Copy out the data word for word, without any of its pictures.
*** Opening DATASET RECORDS ***
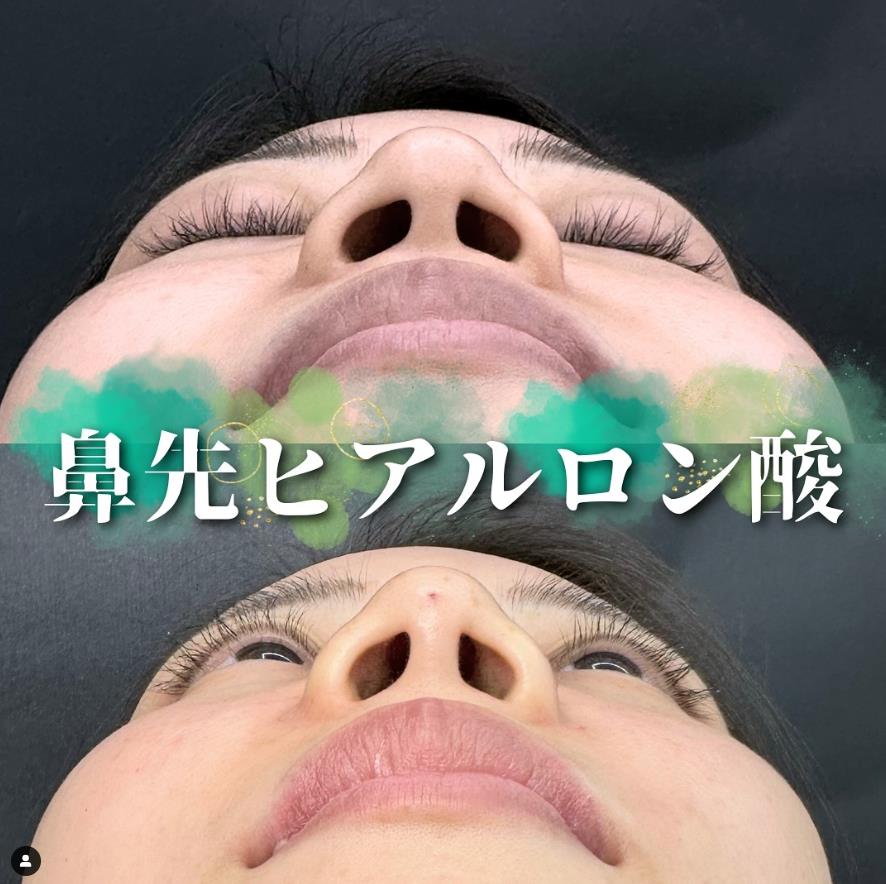 玻尿酸填充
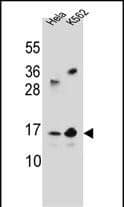 TAF11L2 Antibody (Center) western blot analysis in Hela,K562 cell line lysates (35ug/lane).This demonstrates the TAF11L2 antibody detected the TAF11L2 protein (arrow).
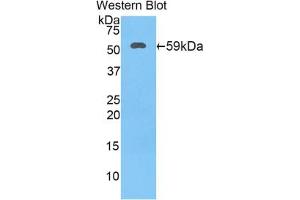 Western blot analysis of the recombinant protein. (HSD17B12 Antikörper  (AA 11-291))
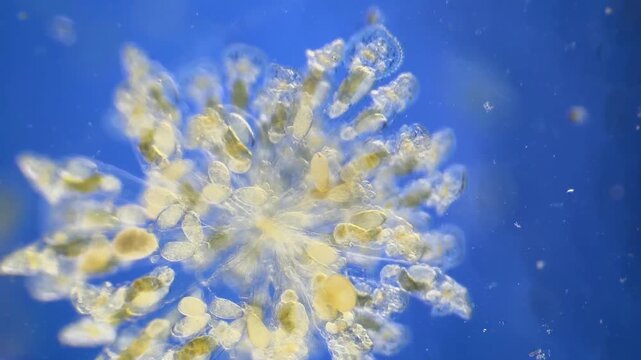 Sinantherina （rotifer） under the microscope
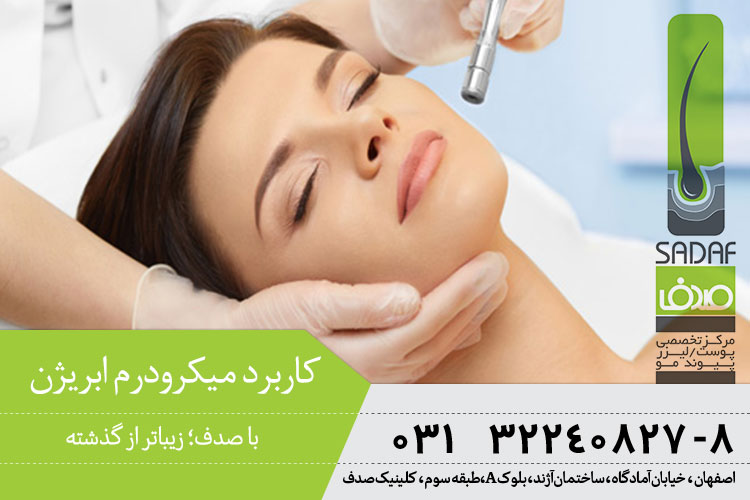 میکرودرم ابریژن در اصفهان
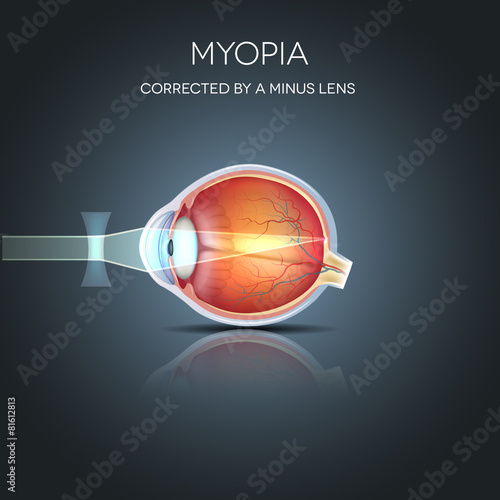Fototapeta Naklejka Na Ścianę i Meble -  Myopia corrected by a minus lens. Myopia is being short sighted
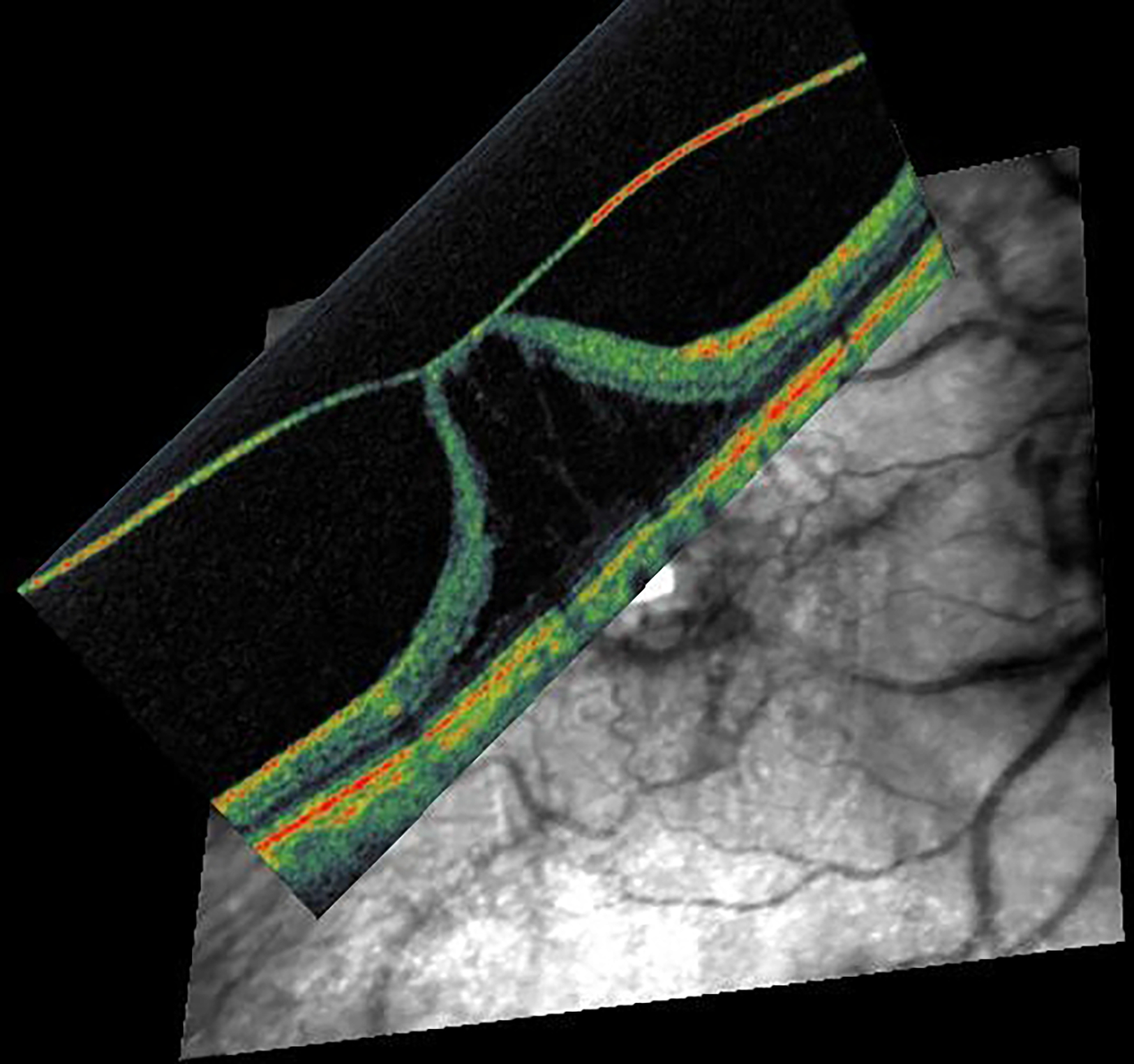 Figure 10:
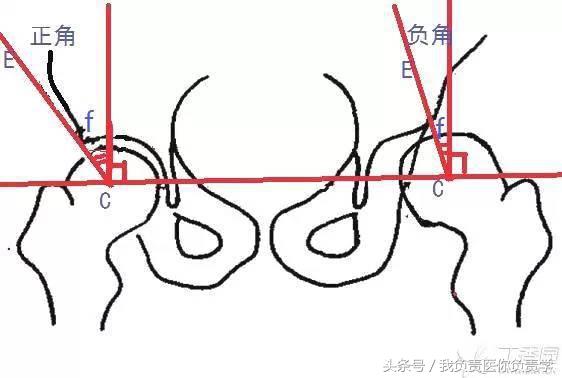 正常骨盆x线片详解,骨科医生只看报告单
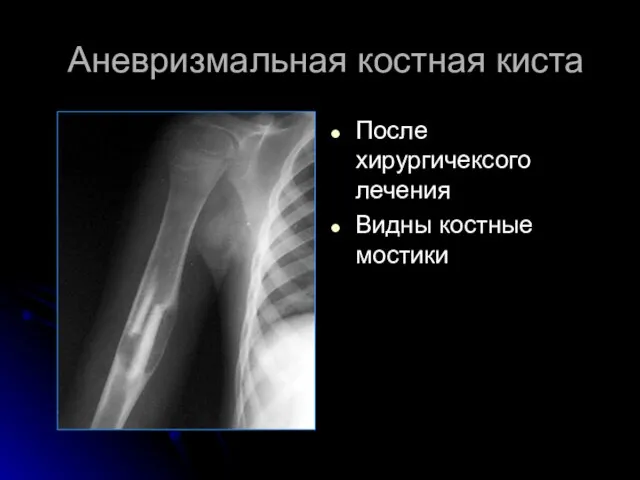 Аневризмальная костная киста После хирургичексого лечения Видны костные мостики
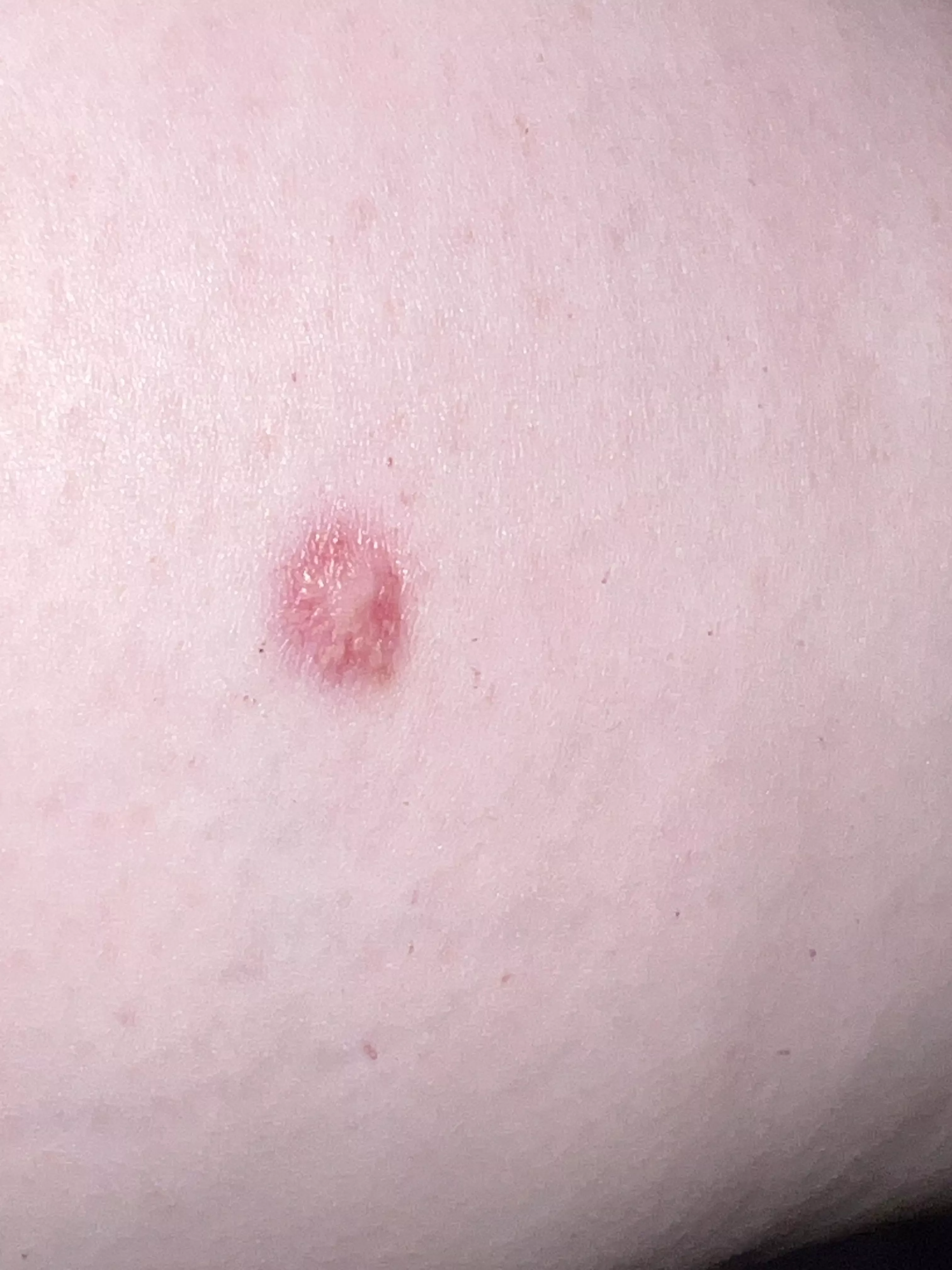 very old arm scar/lump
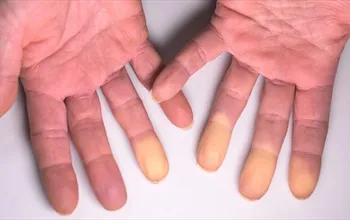 Raynaud sendromu nedir? Nedenleri, belirtileri ve doktora başvuru zamanı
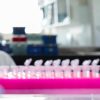 Milano, focolaio di tubercolosi all’Istituto di Medicina legale: 8 casi conclamati e 7 positivi. Indagini sull’origine del contagio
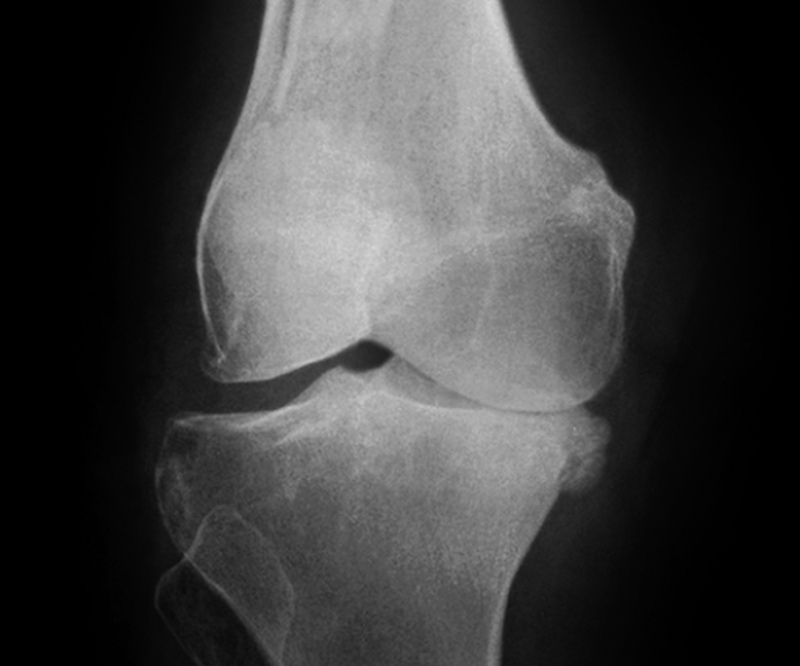 Thoái hóa khớp gối có mấy độ?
*** Closing DATASET RECORDS ***
- _YOUR RESPONSE_:
 玻尿酸填充
 TAF11L2 Antibody (Center) western blot analysis in Hela,K562 cell line lysates (35ug/lane).This demonstrates the TAF11L2 antibody detected the TAF11L2 protein (arrow).
 Western blot analysis of the recombinant protein. (HSD17B12 Antikörper  (AA 11-291))
 Sinantherina （rotifer） under the microscope
 میکرودرم ابریژن در اصفهان
Fototapeta Naklejka Na Ścianę i Meble -  Myopia corrected by a minus lens. Myopia is being short sighted
 Figure 10:
 正常骨盆x线片详解,骨科医生只看报告单
 Аневризмальная костная киста После хирургичексого лечения Видны костные мостики
 very old arm scar/lump
 Raynaud sendromu nedir? Nedenleri, belirtileri ve doktora başvuru zamanı
 Milano, focolaio di tubercolosi all’Istituto di Medicina legale: 8 casi conclamati e 7 positivi. Indagini sull’origine del contagio
 Thoái hóa khớp gối có mấy độ?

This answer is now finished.